My colleagues and I speak of “theistic realism” — or sometimes, “mere creation” –as the defining concept of our movement. This means that we affirm that God is objectively real as Creator, and that the reality of God is tangibly recorded in evidence accessible to science, particularly in biology. We avoid the tangled arguments about how or whether to reconcile the Biblical account with the present state of scientific knowledge, because we think these issues can be much more constructively engaged when we have a scientific picture that is not distorted by naturalistic prejudice. If life is not simply matter evolving by natural selection, but is something that had to be designed by a creator who is real, then the nature of that creator, and the possibility of revelation, will become a matter of widespread interest among thoughtful people who are currently being taught that evolutionary science has show God to be a product of the human imagination.
Intelligent Design creationism is all about hiding Jesus under a blanket of pseudoscience and smuggling him into the public schools. Nothing more, nothing less.

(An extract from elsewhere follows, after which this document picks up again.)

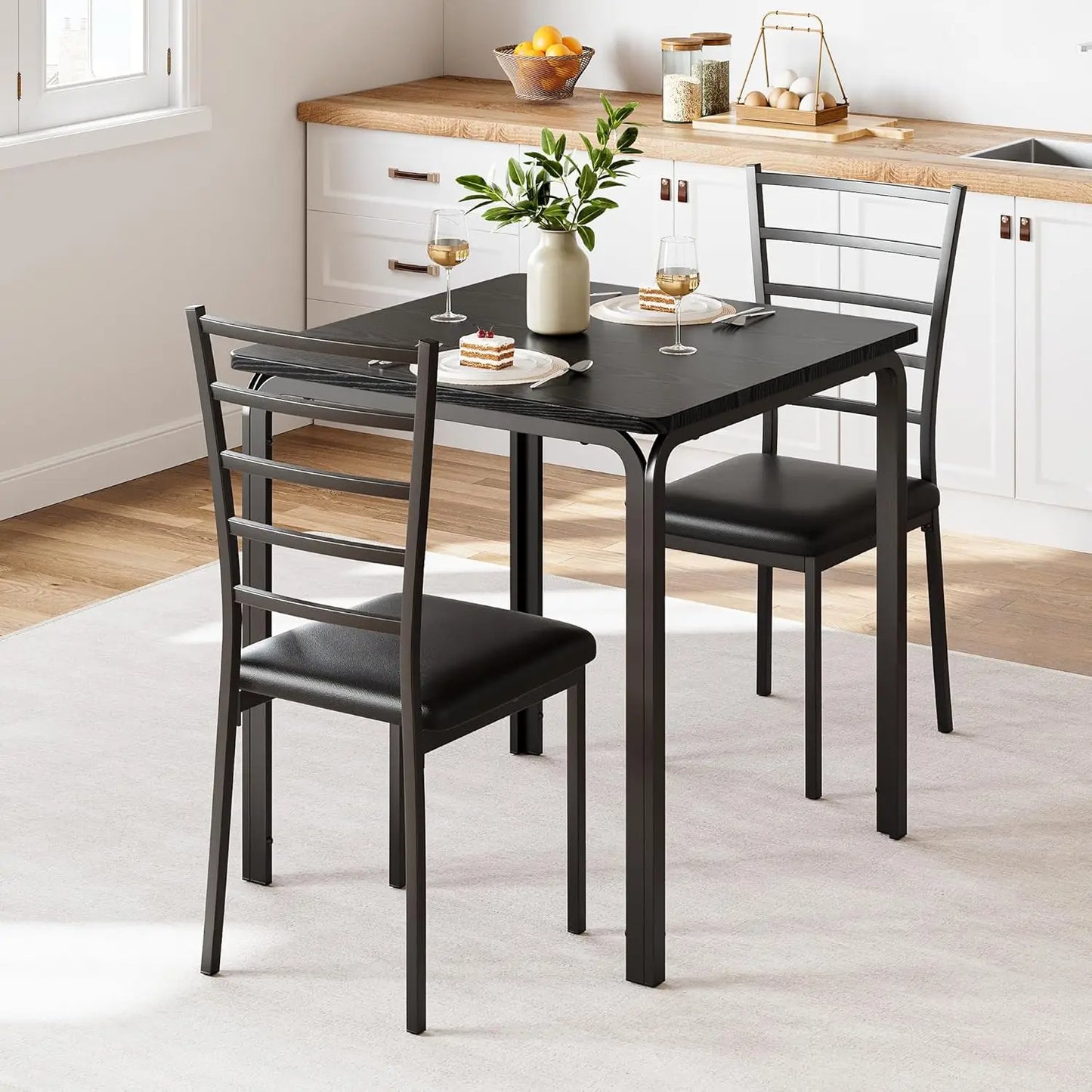 Dining Table for 2 Space Saving Dining Table Set for Small Spaces 3 Piece Dining Table Set & Metal Steel Frame for Dining Room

Melanie Phillips clearly knows nothing about the case. So what possible reason could she have for claiming ID is distinct from creationism?
Whatever the ramifications of the specific school textbooks under scrutiny in the Kitzmiller/Dover case, the fact is that Intelligent Design not only does not come out of Creationism but stands against it. This is because Creationism comes out of religion while Intelligent Design comes out of science. Creationism, whose proponents are Bible literalists, is a specific doctrine which holds that the earth was literally created in six days. Intelligent Design, whose proponents are mainly scientists, holds that the complexity of science suggests that there must have been a governing intelligence behind the origin of matter, which could not have developed spontaneously from nothing.
Intelligent Design creationism does not come out of science. The initial founders of the Discovery Institute were lawyers, philosophers, venture capitalists, businessmen, and theologians, with a scarce few recruits who were once scientists, like Michael Behe. Science emerges from evidence, not ideology, and these gomers had none, and still have none. They have a claim that there is a “governing intelligence”, but have shown no evidence for such a being, nor have they even speculated openly about the nature of that intelligence…because when they do, they have to admit that they believe it was the Christian god. Again, without supporting evidence.
This is why Miller is completely correct to say Intelligent Design creationism is “an attempt to repackage good old-fashioned Creationism and make it more palatable”. Overt admission that their ideas are based on religion means they are non-scientific, and gets them excluded from science classes. By lying and concealing their motives, they hope to sneak it in past people who are too stupid to recognize the obvious, or who share similar underhanded motives for denying the truth. I wonder which of those two alternatives best fit Melanie Phillips?